◆ **EXERCISE OBJECTIVE**: Beginning with the line of the entries below that holds "SKANHOLZ Gartenhaus, sechseckig, BxT: 350x373" and ending with the line that holds "Ferm Scheibenfräser BJM1009, hochwertiges", transcribe each line exactly as written. Pictures stay out.

◆ **MATERIAL PROVIDED**:
● ● ● ●
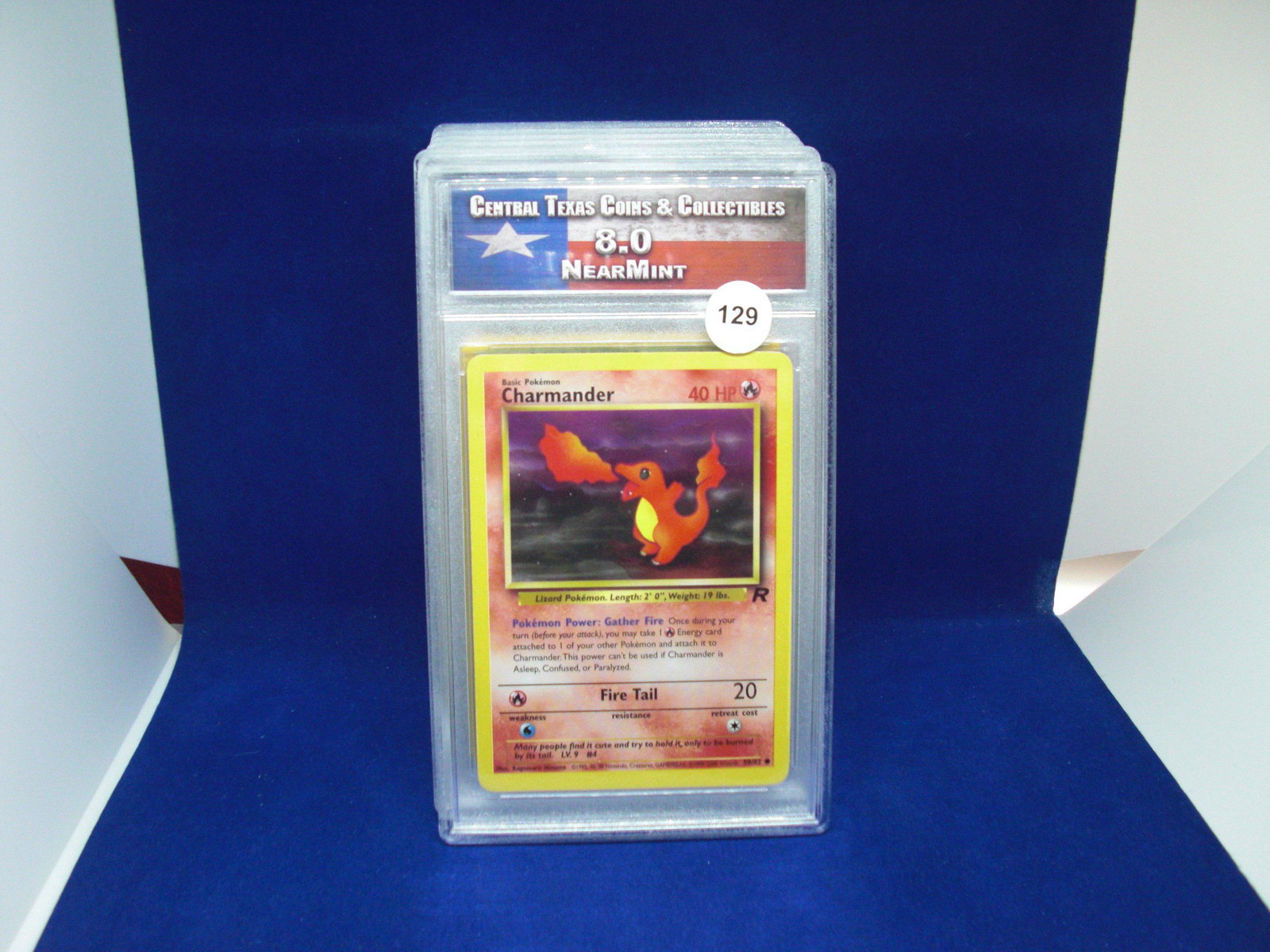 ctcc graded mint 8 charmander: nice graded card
● ● ● ●
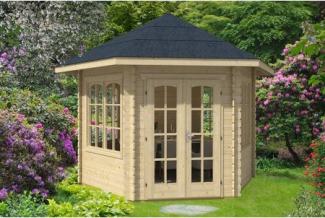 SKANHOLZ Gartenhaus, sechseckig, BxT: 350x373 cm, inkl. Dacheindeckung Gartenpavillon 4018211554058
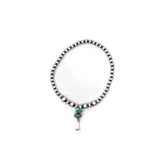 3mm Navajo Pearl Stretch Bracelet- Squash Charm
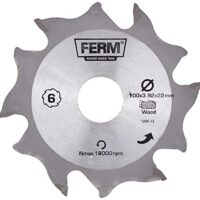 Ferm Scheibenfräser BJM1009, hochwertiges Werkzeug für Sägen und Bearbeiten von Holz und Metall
● ● ● ●
◆ **EXERCISE RESULT**:
 SKANHOLZ Gartenhaus, sechseckig, BxT: 350x373 cm, inkl. Dacheindeckung Gartenpavillon 4018211554058
 3mm Navajo Pearl Stretch Bracelet- Squash Charm
 Ferm Scheibenfräser BJM1009, hochwertiges Werkzeug für Sägen und Bearbeiten von Holz und Metall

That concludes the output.